━━━━━ Records for the task

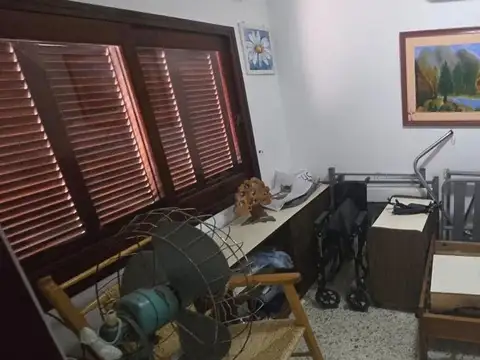 Casa 7 ambientes con 3 baños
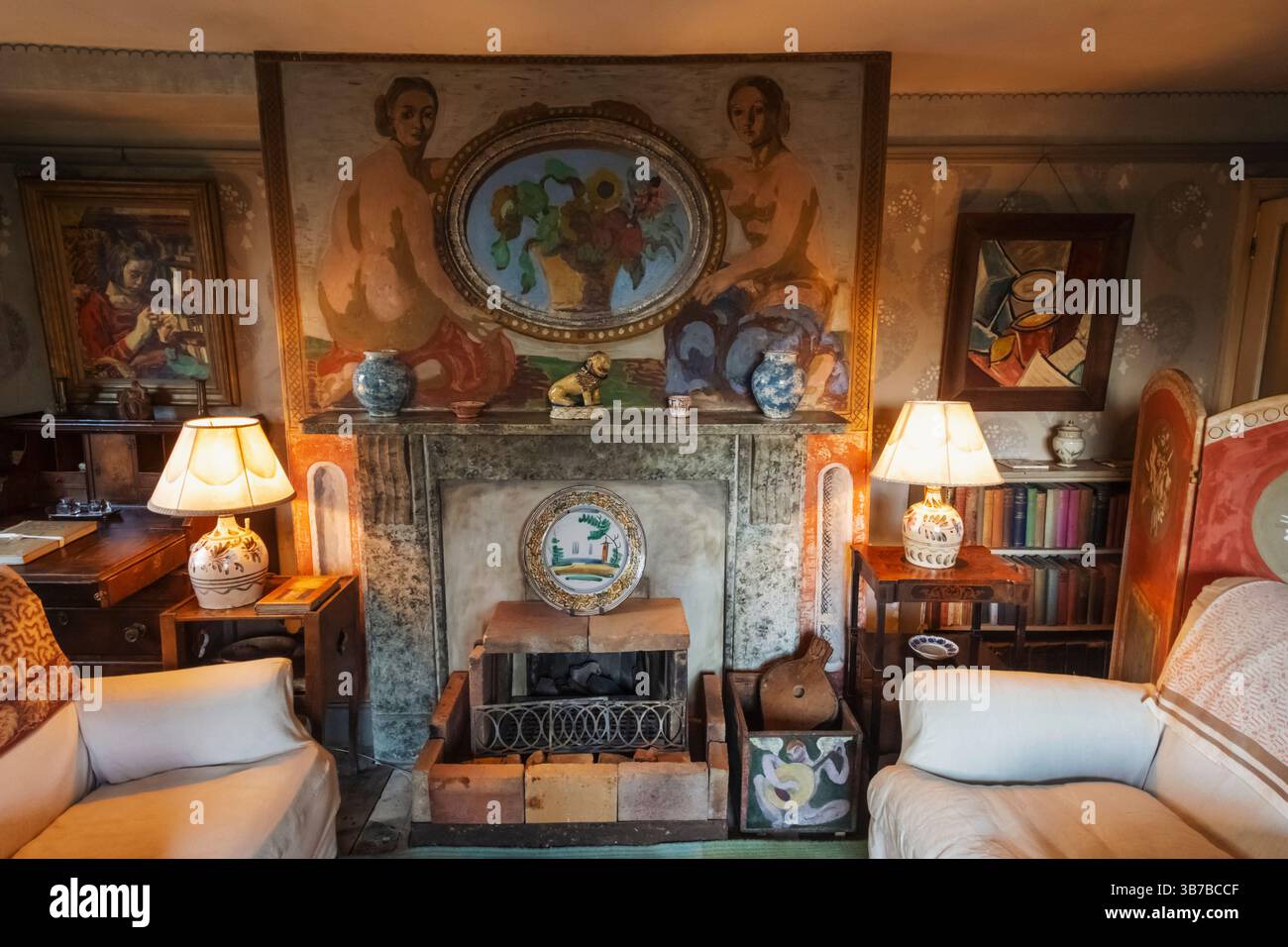 England, Sussex, East Sussex, West Firle, Charleston House Museum, Heimat von Duncan Grant und Vanessa Bell, The Living Room Stockfoto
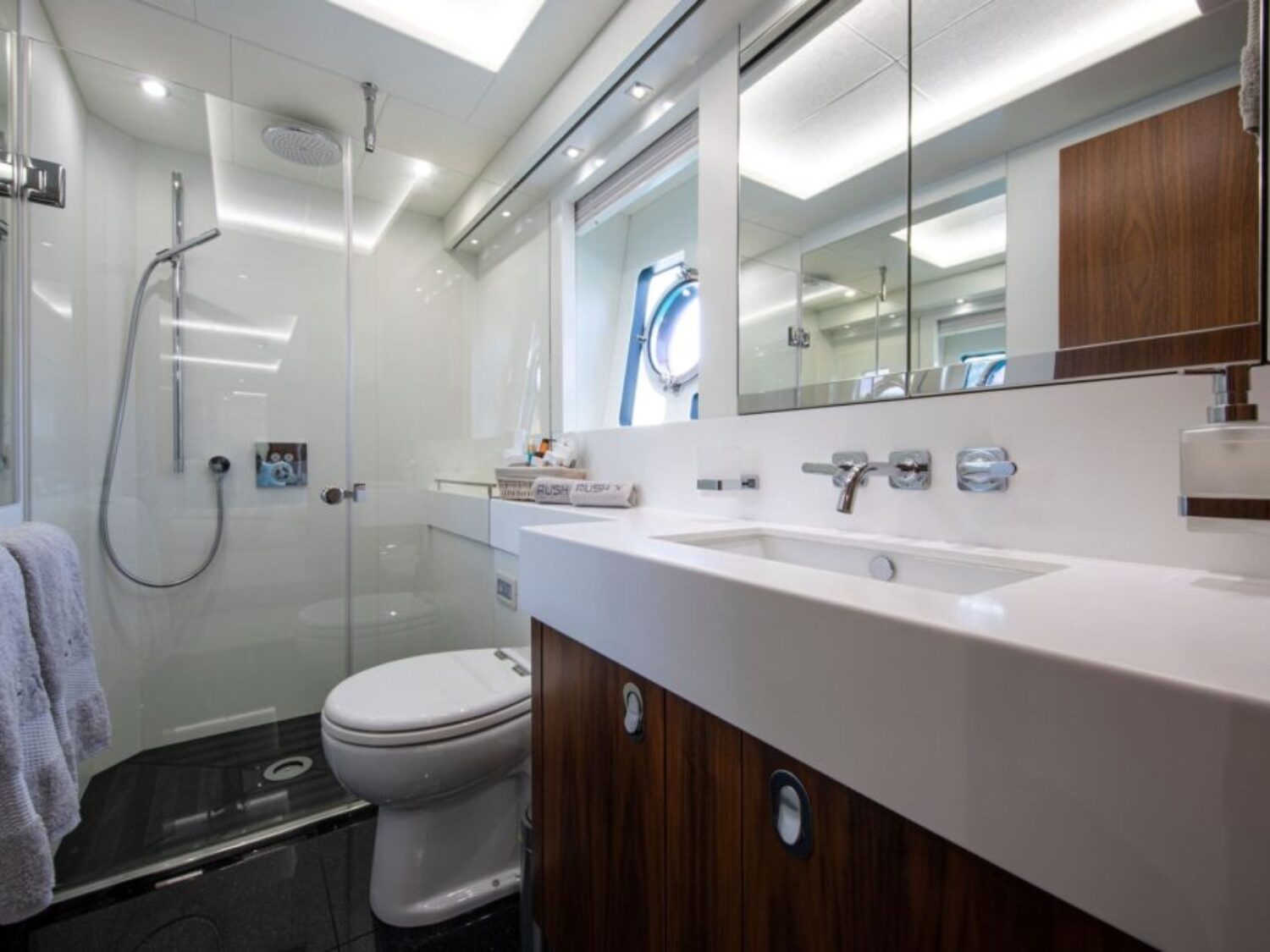 Motor-Yacht-Rush-X-for-charter-in-Mallorca-double-cabin-bathroom-1024x683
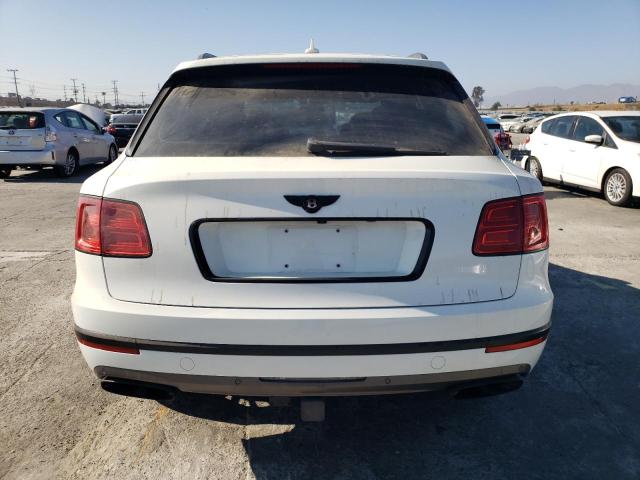 Photo 6 from auction – 2018 BENTLEY BENTAYGA with VIN SJAAC4ZV9JC020797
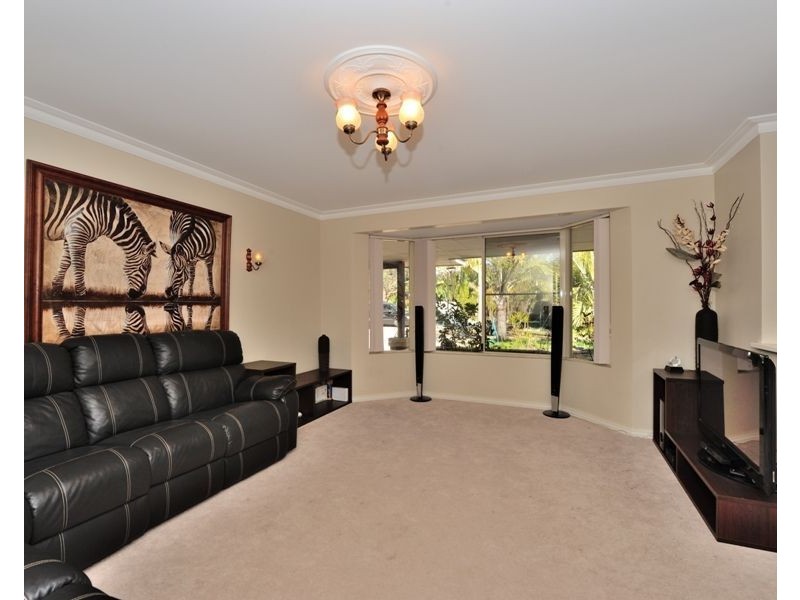 21 Woodland Parade, Stake Hill WA 6181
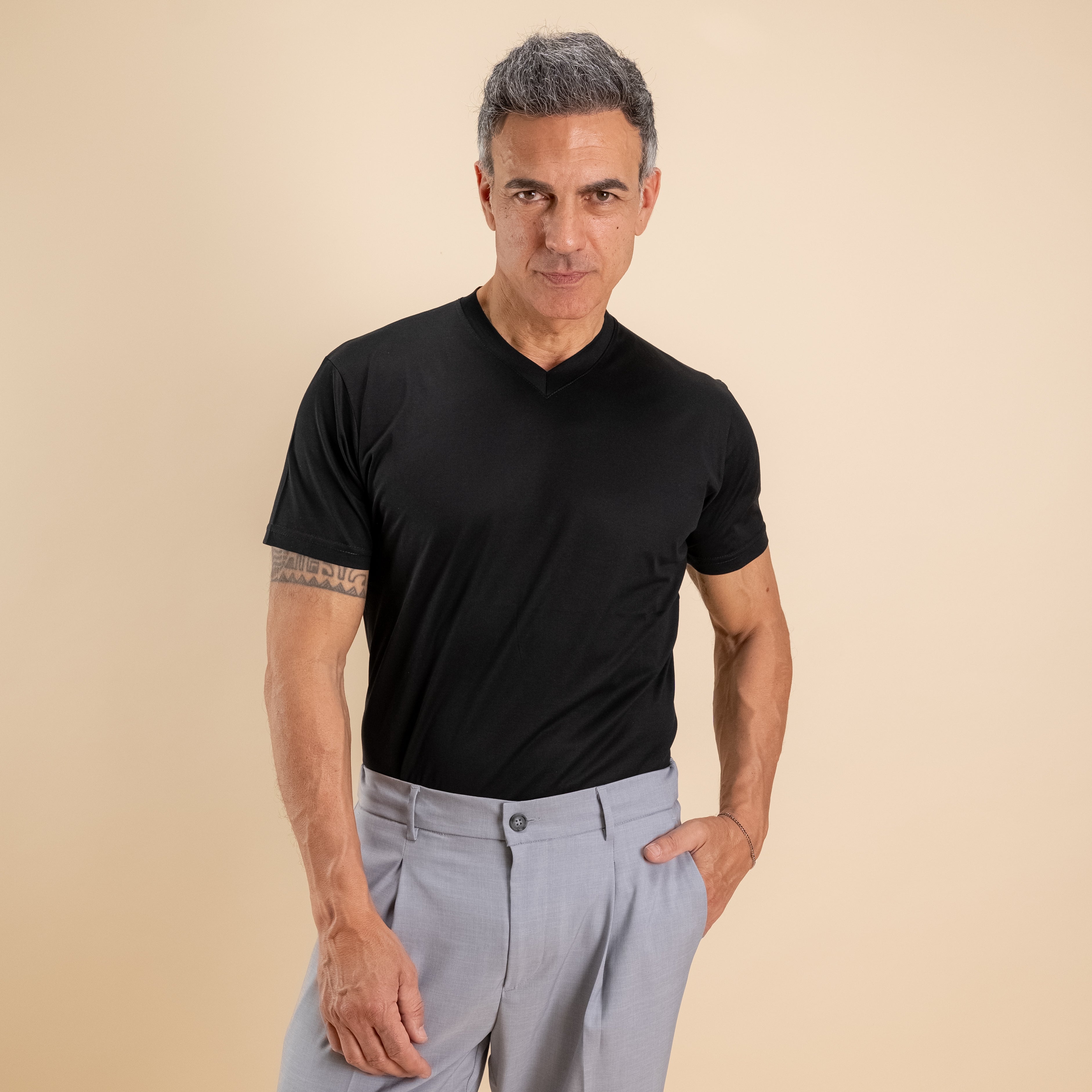 T-shirt in Filo di Scozia Scollo a punta  - Nero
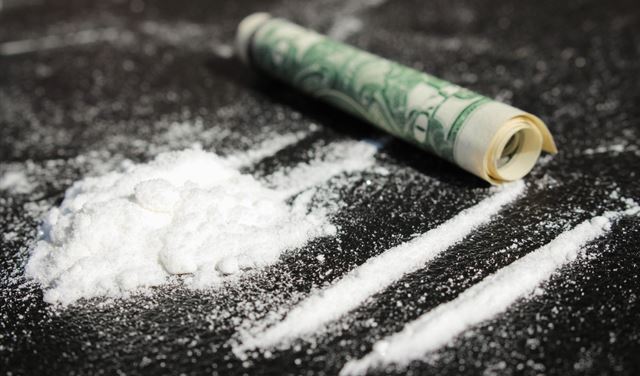 توقيف أبن شقيق الوزير بقضية مخدرات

━━━━━━━━━━

■ **Task item**: Give again, word for word, the lines above from the one with "Photo 6 from" through the final line of the data, both ends included. Do not copy any picture.

■ **Output for this exercise**:
 Photo 6 from auction – 2018 BENTLEY BENTAYGA with VIN SJAAC4ZV9JC020797
 21 Woodland Parade, Stake Hill WA 6181
 T-shirt in Filo di Scozia Scollo a punta  - Nero
 توقيف أبن شقيق الوزير بقضية مخدرات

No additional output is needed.